Great Expectations Data Quality: Writing and Running Expectation Suites

Great Expectations Data Quality: Writing and Running Expectation Suites

Great Expectations structures data quality as code: Expectations describe what data should look like, Validators apply them to DataFrames or tables, and Checkpoints bundle validation into CI-runnable steps. Data Docs turn validation results into human-readable HTML reports your team can share.

Key Takeaways

Write expectations from profiles, refine manually. The profile command auto-generates an expectation suite from your data, but auto-generated suites are always too permissive. Treat profiling output as a first draft, then tighten column types, value ranges, and null rates by hand.

Run checkpoints in CI, not just locally. A validation that only runs on your laptop protects no one. Wire checkpoints to your CI pipeline so every data build fails when expectations are violated — the same way unit tests fail when code is broken.

Custom expectations belong in your repo, not in configuration. Generic expectations cover 80% of cases. The remaining 20% — referential integrity, cross-column consistency, business-rule constraints — require custom ColumnMapExpectation or BatchExpectation subclasses that live in version control alongside your pipeline code.
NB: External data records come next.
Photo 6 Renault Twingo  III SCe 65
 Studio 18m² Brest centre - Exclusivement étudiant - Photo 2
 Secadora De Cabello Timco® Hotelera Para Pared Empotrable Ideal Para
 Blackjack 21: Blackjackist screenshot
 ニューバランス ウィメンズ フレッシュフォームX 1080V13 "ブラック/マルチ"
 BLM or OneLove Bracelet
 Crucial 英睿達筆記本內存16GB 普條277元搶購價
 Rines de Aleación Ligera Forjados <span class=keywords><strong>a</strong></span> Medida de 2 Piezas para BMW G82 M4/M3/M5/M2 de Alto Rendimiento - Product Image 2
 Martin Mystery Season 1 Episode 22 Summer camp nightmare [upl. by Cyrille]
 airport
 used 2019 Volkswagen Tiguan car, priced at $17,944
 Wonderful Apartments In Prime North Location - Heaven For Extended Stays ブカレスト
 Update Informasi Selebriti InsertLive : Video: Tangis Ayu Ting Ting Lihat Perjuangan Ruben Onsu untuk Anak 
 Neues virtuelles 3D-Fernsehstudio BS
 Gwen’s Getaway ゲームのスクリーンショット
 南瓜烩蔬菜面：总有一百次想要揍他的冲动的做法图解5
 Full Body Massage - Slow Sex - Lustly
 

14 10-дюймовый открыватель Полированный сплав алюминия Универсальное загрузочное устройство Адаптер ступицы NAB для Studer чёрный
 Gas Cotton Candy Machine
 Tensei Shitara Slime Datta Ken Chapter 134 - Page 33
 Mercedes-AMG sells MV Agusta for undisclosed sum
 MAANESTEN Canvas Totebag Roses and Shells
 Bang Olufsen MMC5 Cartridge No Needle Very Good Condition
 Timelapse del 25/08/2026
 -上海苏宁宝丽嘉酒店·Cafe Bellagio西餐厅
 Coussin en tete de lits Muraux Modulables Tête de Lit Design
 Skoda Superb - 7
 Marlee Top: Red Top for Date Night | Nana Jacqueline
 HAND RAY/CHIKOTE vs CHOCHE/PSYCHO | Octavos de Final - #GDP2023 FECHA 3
What Great Expectations Actually Does

Great Expectations (GX) sits at the intersection of unit testing and data documentation. It lets you declare what your data should look like — column types, value ranges, null rates, set membership, regex patterns — and then verify those declarations against real data in a repeatable, automated way.

The mental model: think of an ExpectationSuite as a test file, and a Checkpoint as a test runner. DataContext is the project configuration that ties everything together.

Installing and Initializing a DataContext

pip install great-expectations
great_expectations init

This creates a great_expectations/ directory with:

great_expectations/
├── great_expectations.yml          # project config
├── expectations/                   # expectation suites (JSON)
├── checkpoints/                    # checkpoint configs (YAML)
├── uncommitted/
│   ├── config_variables.yml        # secrets (gitignored)
│   └── data_docs/                  # generated HTML reports
└── plugins/
    └── custom_data_docs/

You can also initialize programmatically, which is better for automated pipelines:

import great_expectations as gx

context = gx.get_context(
    context_root_dir="./great_expectations"
)

Or use an ephemeral in-memory context for testing:

context = gx.get_context(mode="ephemeral")

Connecting Data Sources

Pandas DataFrame

import pandas as pd
import great_expectations as gx

context = gx.get_context(mode="ephemeral")

df = pd.read_parquet("s3://my-bucket/orders/2026-05-17.parquet")

datasource = context.sources.add_pandas("orders_source")
asset = datasource.add_dataframe_asset("daily_orders")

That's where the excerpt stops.